Task item:
Exactly the lines from the one containing "อ่านโดจิน ยกโทษให้ถ้าเธอยอม [Itou" through the end of the data below are to be reproduced, and nothing besides them.

Short web captions:

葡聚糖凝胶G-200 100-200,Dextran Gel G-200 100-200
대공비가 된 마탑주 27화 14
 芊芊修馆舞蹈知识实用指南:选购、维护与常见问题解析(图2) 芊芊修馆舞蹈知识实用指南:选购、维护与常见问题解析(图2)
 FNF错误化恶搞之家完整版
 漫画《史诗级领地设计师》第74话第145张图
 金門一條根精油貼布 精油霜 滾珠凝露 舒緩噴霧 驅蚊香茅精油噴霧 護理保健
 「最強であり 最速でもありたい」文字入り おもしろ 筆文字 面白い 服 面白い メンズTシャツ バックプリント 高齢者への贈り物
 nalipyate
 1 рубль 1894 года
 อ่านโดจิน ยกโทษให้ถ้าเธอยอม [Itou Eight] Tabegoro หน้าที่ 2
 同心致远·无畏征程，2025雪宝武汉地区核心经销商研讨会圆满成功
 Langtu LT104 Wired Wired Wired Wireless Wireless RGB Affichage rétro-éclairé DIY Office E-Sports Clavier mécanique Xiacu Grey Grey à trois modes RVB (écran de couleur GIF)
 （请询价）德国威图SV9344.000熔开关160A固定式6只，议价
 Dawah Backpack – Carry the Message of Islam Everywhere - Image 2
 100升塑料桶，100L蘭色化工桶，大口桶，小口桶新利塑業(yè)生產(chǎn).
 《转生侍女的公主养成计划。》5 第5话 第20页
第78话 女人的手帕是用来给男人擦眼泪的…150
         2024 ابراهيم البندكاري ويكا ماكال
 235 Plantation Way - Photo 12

Task result:
 อ่านโดจิน ยกโทษให้ถ้าเธอยอม [Itou Eight] Tabegoro หน้าที่ 2
 同心致远·无畏征程，2025雪宝武汉地区核心经销商研讨会圆满成功
 Langtu LT104 Wired Wired Wired Wireless Wireless RGB Affichage rétro-éclairé DIY Office E-Sports Clavier mécanique Xiacu Grey Grey à trois modes RVB (écran de couleur GIF)
 （请询价）德国威图SV9344.000熔开关160A固定式6只，议价
 Dawah Backpack – Carry the Message of Islam Everywhere - Image 2
 100升塑料桶，100L蘭色化工桶，大口桶，小口桶新利塑業(yè)生產(chǎn).
 《转生侍女的公主养成计划。》5 第5话 第20页
第78话 女人的手帕是用来给男人擦眼泪的…150
         2024 ابراهيم البندكاري ويكا ماكال
 235 Plantation Way - Photo 12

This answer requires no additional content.